Insurance Agent
Insurance agents sell life, disability, long term care, property and casualty, and other types of insurance products. They customize related plans and programs to cover a variety of risks that best suit clients’ needs. They weigh the advantages and disadvantages of these policies and promote the associated sales—oftentimes compensated via commissions based on those policies’ premiums.
Accountant
Accountants primarily examine and prepare financial records, ensuring the accuracy and timely preparation and submission of tax returns to the Internal Revenue Service (IRS). They review the financial operations of businesses and fiscal matters of individuals, and assist in creating plans to improve efficiencies. Many accountants earn Certified Public Accountant (CPA) licenses from their respective state board of accountancy—a distinction denoting extensive education, experience and competency within the profession.
Estate Attorney
Estate Attorneys, as their titles indicate, specialize in estate planning issues, such as, for instance, estate taxes and the effective distribution of assets to heirs. They provide advice to clients on strategies about how to best prepare for the possibilities of mental illness or incapacitation, and eventually, death. Advice on Wills, trusts, estate tax minimization, business succession, and strategies to ensure clients’ assets and savings are secure following their deaths are typical elements of such services. Estate attorneys can provide further legal advice regarding these areas, and also prepare related legal documents.
Stockbroker
Stockbrokers, as aforementioned, may sometimes refer to themselves as “financial planners” or “investment advisors,” but in fact are more accurately described as salespeople employed by brokerage firms (“broker-dealers”), who sell stocks, mutual funds, and other securities on a commission basis. Thus, the more products sold or transactions made, the more they benefit—and while professionals in this area are heavily regulated and are most often quite scrupulous, there is an inherent conflict of interests and an incentive structure here that could result in sales that may not necessarily be aligned with clients’ financial objectives.
Investment Advisor
Investment advisors are typically focused on the management of client investment portfolios and planning issues directly related to the securities and accounts being managed for the client. Such advisors typically collect a fee for ongoing management of the securities portfolio based on an annual percentage of assets under management. Their firms are regulated by either the states or the SEC (depending on whether they are federal or state registered) as Registered Investment Advisers (RIAs). While such investing arrangements tend to provide a much better alignment of the goals of the investor with the incentives of the advisor than a traditional stock broker’s compensation, if the associated fees are too high, they may provide a significant drag on returns in the long term (if not kept in check). In addition, compensation solely by this means is likely to lead to an over-focus on investing and a neglect of other financial planning issues.

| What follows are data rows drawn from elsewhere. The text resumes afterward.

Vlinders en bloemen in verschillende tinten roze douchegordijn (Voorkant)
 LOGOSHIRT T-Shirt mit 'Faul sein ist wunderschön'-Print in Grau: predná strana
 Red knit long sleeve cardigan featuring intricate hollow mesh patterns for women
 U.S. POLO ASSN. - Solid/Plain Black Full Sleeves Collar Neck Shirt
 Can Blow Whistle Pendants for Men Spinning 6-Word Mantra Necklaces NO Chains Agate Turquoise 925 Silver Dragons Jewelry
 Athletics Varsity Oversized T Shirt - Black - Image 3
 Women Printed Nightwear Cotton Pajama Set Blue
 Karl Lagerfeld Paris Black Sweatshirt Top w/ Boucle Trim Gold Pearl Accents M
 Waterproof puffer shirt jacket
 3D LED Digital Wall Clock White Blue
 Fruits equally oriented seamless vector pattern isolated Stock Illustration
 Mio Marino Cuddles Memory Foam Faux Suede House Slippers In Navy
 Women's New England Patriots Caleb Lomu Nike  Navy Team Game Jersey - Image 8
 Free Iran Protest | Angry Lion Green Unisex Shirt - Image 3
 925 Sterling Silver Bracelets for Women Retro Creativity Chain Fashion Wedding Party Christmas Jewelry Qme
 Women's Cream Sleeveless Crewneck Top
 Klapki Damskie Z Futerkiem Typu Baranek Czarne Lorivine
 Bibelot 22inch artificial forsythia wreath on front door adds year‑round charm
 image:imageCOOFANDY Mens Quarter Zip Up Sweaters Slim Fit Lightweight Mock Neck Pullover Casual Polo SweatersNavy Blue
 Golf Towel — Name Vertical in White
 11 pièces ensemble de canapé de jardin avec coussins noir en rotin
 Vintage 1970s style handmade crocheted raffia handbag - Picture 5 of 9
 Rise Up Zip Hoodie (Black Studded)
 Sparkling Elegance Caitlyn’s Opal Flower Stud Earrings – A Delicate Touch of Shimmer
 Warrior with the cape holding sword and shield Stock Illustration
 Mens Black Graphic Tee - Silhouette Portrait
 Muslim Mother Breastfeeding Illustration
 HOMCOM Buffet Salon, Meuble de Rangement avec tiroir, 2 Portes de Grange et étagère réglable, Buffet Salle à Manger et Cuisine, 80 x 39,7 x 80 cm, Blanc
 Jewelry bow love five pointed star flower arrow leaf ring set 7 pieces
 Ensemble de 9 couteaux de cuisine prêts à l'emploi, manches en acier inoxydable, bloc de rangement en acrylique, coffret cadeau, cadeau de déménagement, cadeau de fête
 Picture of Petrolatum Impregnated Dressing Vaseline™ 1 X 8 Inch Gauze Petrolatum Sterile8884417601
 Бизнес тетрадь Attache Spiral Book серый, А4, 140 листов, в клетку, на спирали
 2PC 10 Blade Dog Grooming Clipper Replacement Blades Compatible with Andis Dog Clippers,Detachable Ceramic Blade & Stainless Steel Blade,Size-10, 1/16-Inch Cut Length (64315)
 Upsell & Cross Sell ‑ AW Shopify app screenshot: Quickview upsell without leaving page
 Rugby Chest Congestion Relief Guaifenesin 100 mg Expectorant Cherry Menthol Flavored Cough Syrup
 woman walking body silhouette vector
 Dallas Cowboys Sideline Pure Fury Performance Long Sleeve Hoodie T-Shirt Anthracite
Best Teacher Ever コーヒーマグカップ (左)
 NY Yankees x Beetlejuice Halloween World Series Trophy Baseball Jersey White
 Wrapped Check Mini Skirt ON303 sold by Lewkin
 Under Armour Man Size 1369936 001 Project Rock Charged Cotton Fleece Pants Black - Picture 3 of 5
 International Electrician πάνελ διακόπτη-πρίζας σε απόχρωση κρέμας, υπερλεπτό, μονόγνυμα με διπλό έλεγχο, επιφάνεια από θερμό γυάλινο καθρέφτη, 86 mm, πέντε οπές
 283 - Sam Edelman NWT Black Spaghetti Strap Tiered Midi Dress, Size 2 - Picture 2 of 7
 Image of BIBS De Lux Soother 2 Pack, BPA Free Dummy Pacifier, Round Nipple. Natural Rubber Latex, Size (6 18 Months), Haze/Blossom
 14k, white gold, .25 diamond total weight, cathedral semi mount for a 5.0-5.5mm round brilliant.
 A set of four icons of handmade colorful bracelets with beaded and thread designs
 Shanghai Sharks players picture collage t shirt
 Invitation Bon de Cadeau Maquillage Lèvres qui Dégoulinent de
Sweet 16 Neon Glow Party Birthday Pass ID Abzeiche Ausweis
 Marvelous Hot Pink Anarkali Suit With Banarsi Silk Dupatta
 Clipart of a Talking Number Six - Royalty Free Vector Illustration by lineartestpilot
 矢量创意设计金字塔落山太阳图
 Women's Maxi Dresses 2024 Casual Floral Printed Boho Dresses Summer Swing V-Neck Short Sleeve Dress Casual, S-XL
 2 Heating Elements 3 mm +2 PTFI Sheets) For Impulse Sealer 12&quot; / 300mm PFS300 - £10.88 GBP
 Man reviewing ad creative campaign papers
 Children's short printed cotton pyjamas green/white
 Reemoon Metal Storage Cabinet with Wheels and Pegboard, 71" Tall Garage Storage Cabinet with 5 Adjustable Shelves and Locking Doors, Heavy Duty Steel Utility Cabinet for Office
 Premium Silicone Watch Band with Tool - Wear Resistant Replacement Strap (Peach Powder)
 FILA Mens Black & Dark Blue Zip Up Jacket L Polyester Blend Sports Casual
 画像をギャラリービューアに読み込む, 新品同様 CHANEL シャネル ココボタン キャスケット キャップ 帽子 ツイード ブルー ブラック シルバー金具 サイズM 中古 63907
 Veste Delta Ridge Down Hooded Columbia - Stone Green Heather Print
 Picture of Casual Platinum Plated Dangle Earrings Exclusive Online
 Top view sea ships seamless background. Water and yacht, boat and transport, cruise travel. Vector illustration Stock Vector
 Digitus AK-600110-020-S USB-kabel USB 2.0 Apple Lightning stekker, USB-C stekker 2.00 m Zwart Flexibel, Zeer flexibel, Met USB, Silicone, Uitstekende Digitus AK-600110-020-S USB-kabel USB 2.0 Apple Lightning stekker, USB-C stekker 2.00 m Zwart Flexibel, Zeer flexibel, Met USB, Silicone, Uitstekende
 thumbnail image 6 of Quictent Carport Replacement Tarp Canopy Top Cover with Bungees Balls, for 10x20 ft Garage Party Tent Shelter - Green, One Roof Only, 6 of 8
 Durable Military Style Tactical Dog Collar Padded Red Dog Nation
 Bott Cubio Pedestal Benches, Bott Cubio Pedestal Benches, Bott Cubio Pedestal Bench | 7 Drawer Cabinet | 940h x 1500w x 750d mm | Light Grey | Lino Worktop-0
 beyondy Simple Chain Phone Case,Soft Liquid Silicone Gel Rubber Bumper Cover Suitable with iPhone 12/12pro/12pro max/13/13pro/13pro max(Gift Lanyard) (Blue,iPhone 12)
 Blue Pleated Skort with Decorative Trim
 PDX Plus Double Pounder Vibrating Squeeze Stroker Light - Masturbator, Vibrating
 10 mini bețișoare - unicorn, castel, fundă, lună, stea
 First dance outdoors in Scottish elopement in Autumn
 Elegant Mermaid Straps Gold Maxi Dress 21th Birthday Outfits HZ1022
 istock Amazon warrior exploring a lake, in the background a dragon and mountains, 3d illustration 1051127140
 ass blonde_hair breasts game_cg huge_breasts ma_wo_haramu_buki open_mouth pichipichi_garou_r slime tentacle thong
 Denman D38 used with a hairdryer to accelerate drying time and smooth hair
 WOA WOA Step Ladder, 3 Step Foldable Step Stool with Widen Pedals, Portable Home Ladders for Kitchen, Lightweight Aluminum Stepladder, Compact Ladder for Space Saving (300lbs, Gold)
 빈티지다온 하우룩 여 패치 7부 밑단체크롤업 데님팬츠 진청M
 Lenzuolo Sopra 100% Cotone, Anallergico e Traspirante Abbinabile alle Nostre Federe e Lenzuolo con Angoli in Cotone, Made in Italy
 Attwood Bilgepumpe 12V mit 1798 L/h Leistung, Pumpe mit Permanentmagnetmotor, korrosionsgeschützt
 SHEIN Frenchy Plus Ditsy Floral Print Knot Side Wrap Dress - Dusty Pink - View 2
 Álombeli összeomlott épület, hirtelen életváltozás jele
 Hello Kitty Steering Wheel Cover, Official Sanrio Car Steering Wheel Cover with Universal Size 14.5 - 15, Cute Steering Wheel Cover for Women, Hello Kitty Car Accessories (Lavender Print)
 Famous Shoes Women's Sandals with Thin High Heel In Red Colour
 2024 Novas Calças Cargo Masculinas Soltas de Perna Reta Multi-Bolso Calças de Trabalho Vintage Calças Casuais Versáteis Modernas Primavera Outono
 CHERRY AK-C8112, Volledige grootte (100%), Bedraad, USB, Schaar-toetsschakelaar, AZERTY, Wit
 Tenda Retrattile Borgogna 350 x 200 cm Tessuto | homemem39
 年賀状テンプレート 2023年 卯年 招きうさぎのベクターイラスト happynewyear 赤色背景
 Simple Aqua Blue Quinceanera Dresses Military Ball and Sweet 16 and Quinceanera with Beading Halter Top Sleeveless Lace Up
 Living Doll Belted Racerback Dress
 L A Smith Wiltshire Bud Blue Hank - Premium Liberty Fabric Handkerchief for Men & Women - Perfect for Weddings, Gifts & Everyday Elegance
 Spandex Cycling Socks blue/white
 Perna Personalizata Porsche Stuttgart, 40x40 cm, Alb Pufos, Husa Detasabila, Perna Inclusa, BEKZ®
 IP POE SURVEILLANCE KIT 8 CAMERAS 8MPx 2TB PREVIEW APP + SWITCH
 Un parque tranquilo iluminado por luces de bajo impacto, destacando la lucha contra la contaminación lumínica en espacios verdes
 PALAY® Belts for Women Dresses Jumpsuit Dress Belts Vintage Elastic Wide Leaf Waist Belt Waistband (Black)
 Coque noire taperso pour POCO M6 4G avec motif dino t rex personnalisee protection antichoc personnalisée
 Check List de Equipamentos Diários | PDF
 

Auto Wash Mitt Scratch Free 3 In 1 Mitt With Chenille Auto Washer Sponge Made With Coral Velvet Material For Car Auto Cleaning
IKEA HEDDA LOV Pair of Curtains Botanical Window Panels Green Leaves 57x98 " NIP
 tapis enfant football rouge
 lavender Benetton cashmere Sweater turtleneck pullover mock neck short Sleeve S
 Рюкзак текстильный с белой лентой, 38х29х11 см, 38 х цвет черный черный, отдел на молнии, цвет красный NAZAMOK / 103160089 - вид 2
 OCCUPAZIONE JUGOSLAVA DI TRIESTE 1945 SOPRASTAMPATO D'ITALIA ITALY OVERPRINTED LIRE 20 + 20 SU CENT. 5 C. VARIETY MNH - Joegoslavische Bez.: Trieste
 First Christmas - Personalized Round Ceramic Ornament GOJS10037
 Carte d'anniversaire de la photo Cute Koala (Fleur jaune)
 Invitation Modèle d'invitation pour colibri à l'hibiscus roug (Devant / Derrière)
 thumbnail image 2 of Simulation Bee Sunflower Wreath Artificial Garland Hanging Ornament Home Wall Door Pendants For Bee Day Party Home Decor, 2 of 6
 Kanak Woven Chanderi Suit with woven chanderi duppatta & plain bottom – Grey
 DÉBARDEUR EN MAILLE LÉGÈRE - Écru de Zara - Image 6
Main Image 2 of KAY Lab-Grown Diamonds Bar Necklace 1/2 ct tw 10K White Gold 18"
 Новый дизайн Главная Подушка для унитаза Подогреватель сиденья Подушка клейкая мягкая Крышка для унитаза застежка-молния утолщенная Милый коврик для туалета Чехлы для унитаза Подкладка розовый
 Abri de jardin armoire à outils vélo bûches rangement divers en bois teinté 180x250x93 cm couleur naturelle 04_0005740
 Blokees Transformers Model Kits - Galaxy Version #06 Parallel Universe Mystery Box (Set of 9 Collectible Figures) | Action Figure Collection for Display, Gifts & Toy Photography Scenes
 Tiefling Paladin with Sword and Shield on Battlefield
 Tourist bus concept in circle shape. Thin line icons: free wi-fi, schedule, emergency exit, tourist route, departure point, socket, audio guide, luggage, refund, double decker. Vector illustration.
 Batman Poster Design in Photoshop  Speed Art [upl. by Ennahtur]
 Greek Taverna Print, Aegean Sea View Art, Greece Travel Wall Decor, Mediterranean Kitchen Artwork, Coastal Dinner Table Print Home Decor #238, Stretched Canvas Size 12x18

Financial Planner or Wealth Manager
Financial Planners and Wealth Managers who are compensated based on either a fixed fee, retainer fee, or hourly rate fee have perhaps the most optimal incentive structure to provide the broad, comprehensive, concept-based solutions needed for fully coordinated multi-disciplinary financial planning and wealth management. Such professionals are free to think from the multiple perspectives of Investment Planning, Estate Planning, Business Succession Planning, and Fringe Benefits Planning, and may focus their energies on crafting and developing purely concept-based (as opposed to product-based) strategies to help clients achieve their short- and long-term goals. Like investment advisors, their firms are also regulated as Registered Investment Advisers (RIAs), and as such they are both required to act as fiduciaries with clients’ best interests in mind, and may be monetarily incentivized to do so (depending on their exact fee structure).